Причем как бы ни формулировались в программе темы уроков (а такие программы наверняка будут предложены школам Минобром), в беседе по каждой из них учитель может или передавать религиозные сведения, или связать с данной темой глубинные вопросы, при этом своей душой приближаясь к Богу и вызывая камертонные отзвуки и движения в душах слушателей.

В своем учительском опыте я нахожу подтверждения тому, что, получив от учителя побудительный толчок, души уже шести-, семи-, восьмилетних детей радостно открываются навстречу высокому, вечному, Божьему.

Первый класс, семилетние собеседники: «Плохую мысль диавол сначала посылает в ум – это как дверь, сердце – как дом, а помысел – вор. Надо крепко запирать дверь». В разговоре о тщеславии, о поиске одобрения, знаков уважения, мальчик из второго класса, сказал: «Кто хочет похвал, признания, как жокей на лошади, все время за чем-то гонится, а впереди ничего нет, и по бокам мелькает жизнь: мимо, мимо него».

Эти образы дети нашли совершенно самостоятельно, без наводящих подсказок учителя.

При размышлении над притчей о безумном богаче в первом классе девочка дополнила диалог мыслью о том, что богач не только не накопил светлого душевного наполнения, не собрал для вечности внутреннего рая, «но он и по-земному не был богат, - сказала семилетняя девочка, - ведь деньги и зерно просто лежали, он ими не воспользовался».

С воодушевлением семи и восьмилетние люди ведут разговор о смысле жизни. А на вопрос, какой момент в жизни был самым счастливым и памятным, один мальчик ответил: «Таких моментов у меня было три. Первый: я хотел сорвать одуванчик, но подумал: «Пусть растет», - отнял руку и был счастлив целый день. Второй: на дороге лежала сбитая машиной кошка, приближалась следующая машина, выбежать на дорогу было страшно, я догадался отодвинуть кошку палкой. Третий: на уроке я узнал, что Бог – невидимая Любовь, поэтому Он может быть одновременно везде, все воедино связывать, и жизнь всего согласовывать. После этого урока я был счастлив целую неделю.

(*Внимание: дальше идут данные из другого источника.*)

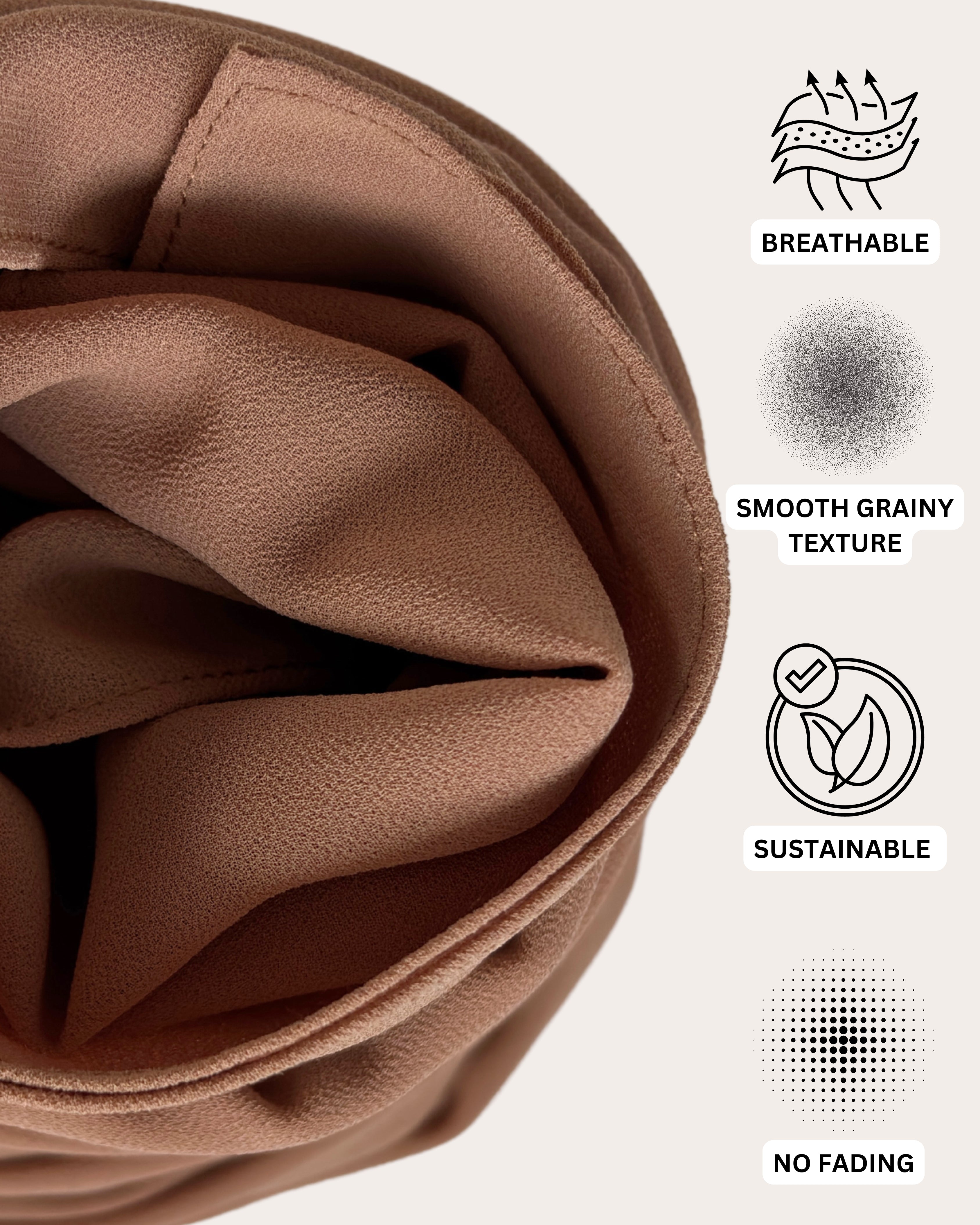 Premium Chiffon Hijab - Dusty Rose Gold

Нельзя не извлечь из урока из многочисленных примеров отрицательного опыта, оставшегося от дореволюционного Закона Божия. Трагедия 1917 года во многом была подготовлена бездушием педагогов и учащихся к вопросам бытия. Сегодня нельзя допустить, чтобы христианство было превращено для наших детей в очередную идеологию, которая только в уме да на языке, а не в сердце и не в поступках.